- _YOUR INSTRUCTIONS_: Pull out every line from the line containing "UGREEN Cavo OTG" through the end of the material, both ends included, and reproduce it exactly. Keep pictures out.

- _MATERIAL FOR THE TASK_:
-*-*-
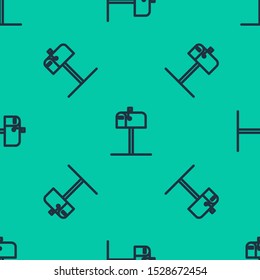 Blue line Open mail box icon isolated seamless pattern on green background. Mailbox icon. Mail postbox on pole with flag.  Vector Illustration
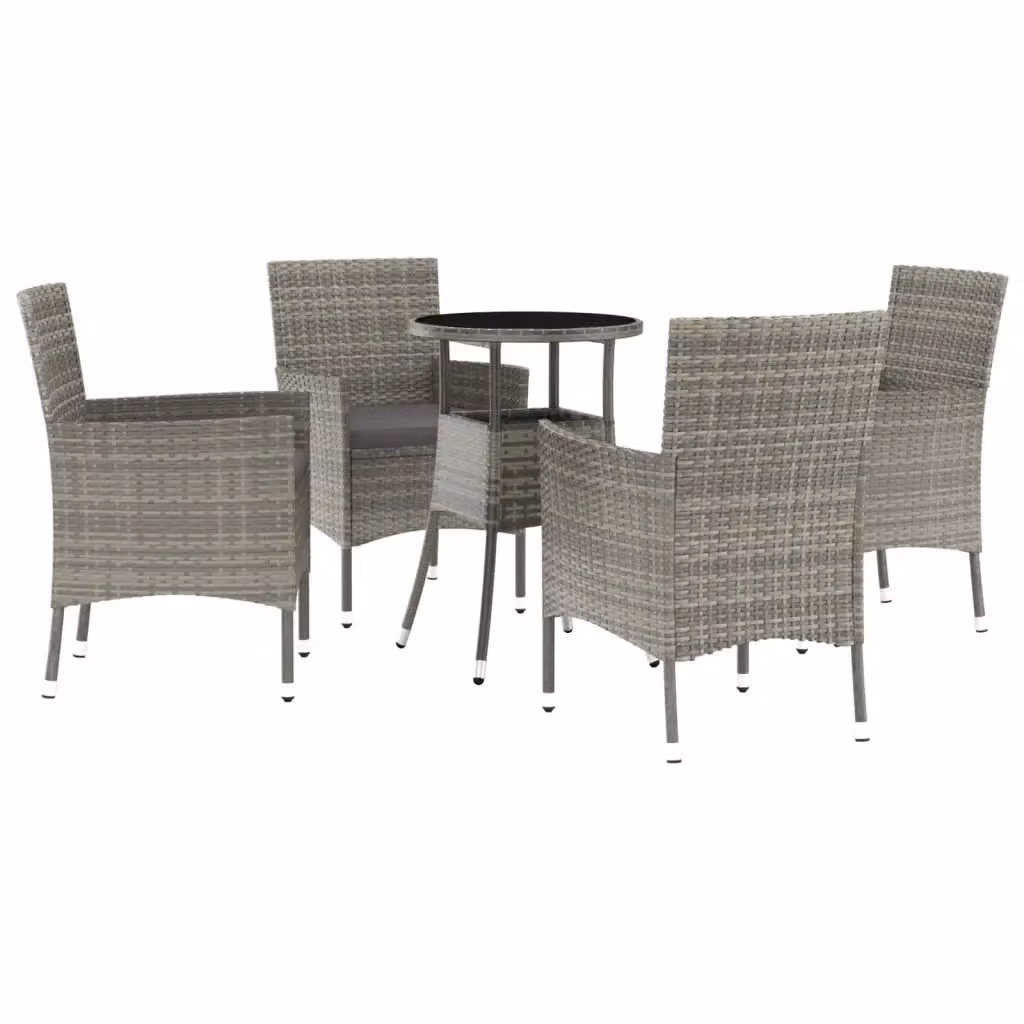 Set Bistrò da Giardino vidaXL in Polyrattan Grigio con Cuscini e Tavolo in Vetro, 5 Pezzi – 2
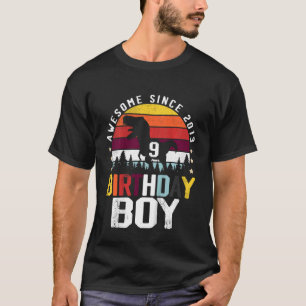 Kids 9 Year Old Dinosaur Trex 9th Birthday Boy Awe T-Shirt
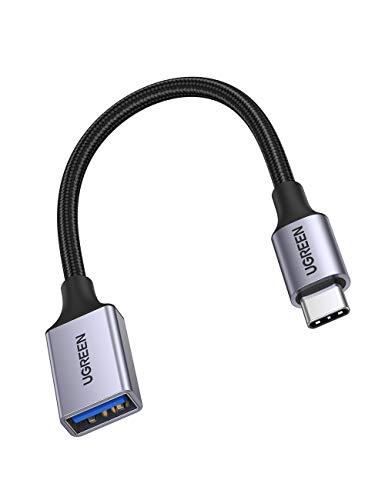 UGREEN Cavo OTG Type C a USB 3.0 Adattatore Tipo C Maschio a Femmina 5 Gbps Nylon Intrecciato Compatibile con iPhone 17 PRO Max Air iPad MacBook 2024 Galaxy S24 Huawei Xiaomi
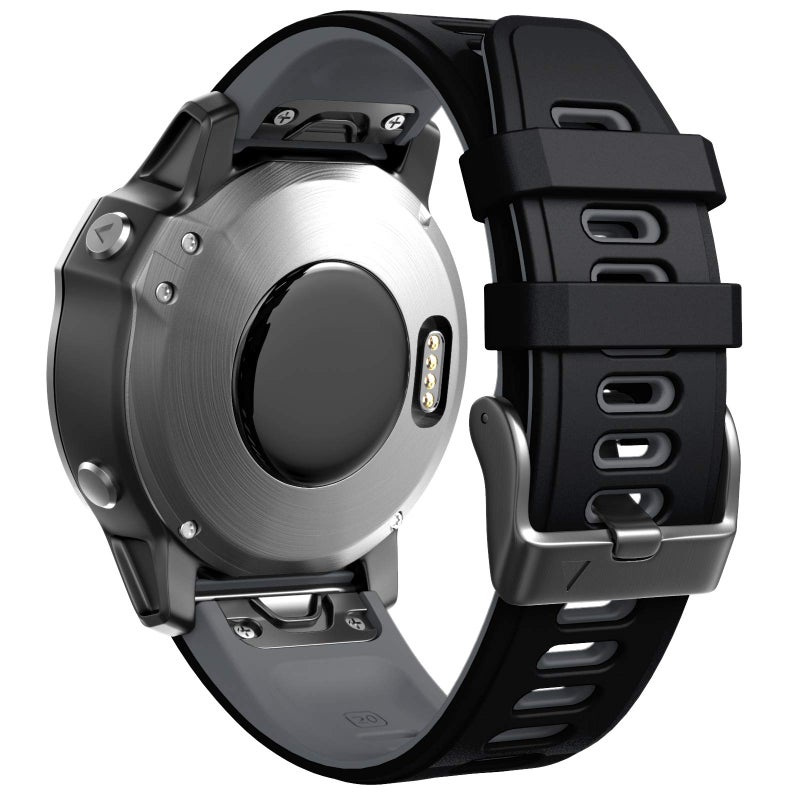 ANCOOL Compatible with Fenix 7S Band Two-Tone Soft Watch Band Replacement for Fenix 5S/Fenix 5S Plus/Fenix 6S/Fenix 7S/Fenix 6S Pro Smartwatches (Black-Grey) - Image 1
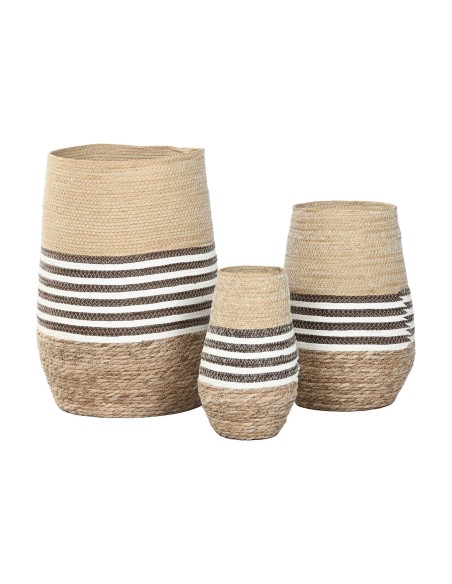 Cache-pot Home ESPRIT Marron Bicolore Fibre Urbaine 31 x 31 x 49 cm (3 Pièces)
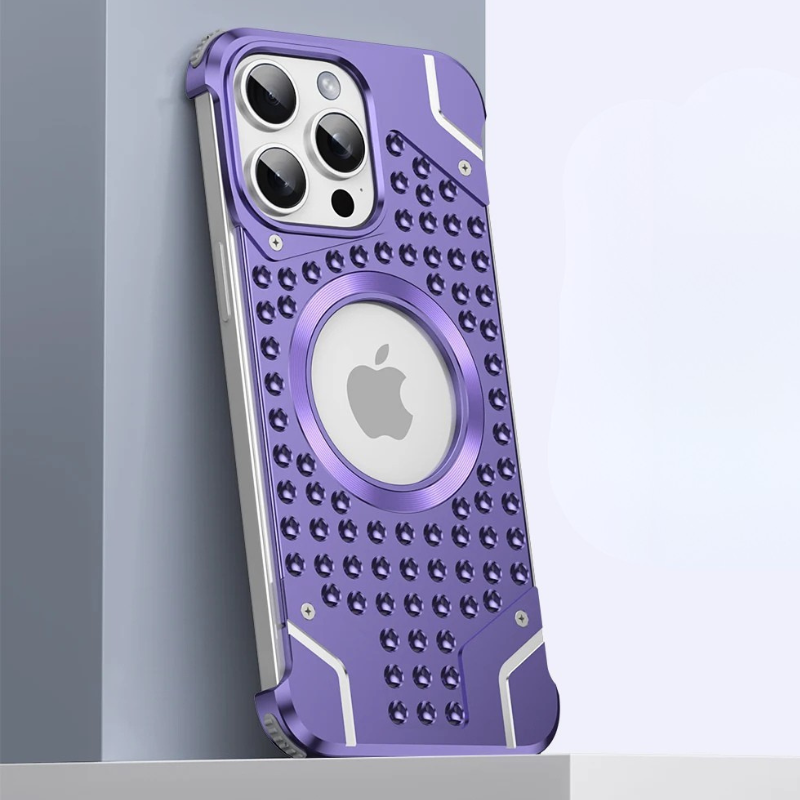 LUXERY Premium Titanium Alloy Case for Iphone 16 15 14 13 Pro Max MagSafe Compatible & Shock Absorbent - Sky-cover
-*-*-
- _EXERCISE SOLUTION_:
 UGREEN Cavo OTG Type C a USB 3.0 Adattatore Tipo C Maschio a Femmina 5 Gbps Nylon Intrecciato Compatibile con iPhone 17 PRO Max Air iPad MacBook 2024 Galaxy S24 Huawei Xiaomi
 ANCOOL Compatible with Fenix 7S Band Two-Tone Soft Watch Band Replacement for Fenix 5S/Fenix 5S Plus/Fenix 6S/Fenix 7S/Fenix 6S Pro Smartwatches (Black-Grey) - Image 1
 Cache-pot Home ESPRIT Marron Bicolore Fibre Urbaine 31 x 31 x 49 cm (3 Pièces)
 LUXERY Premium Titanium Alloy Case for Iphone 16 15 14 13 Pro Max MagSafe Compatible & Shock Absorbent - Sky-cover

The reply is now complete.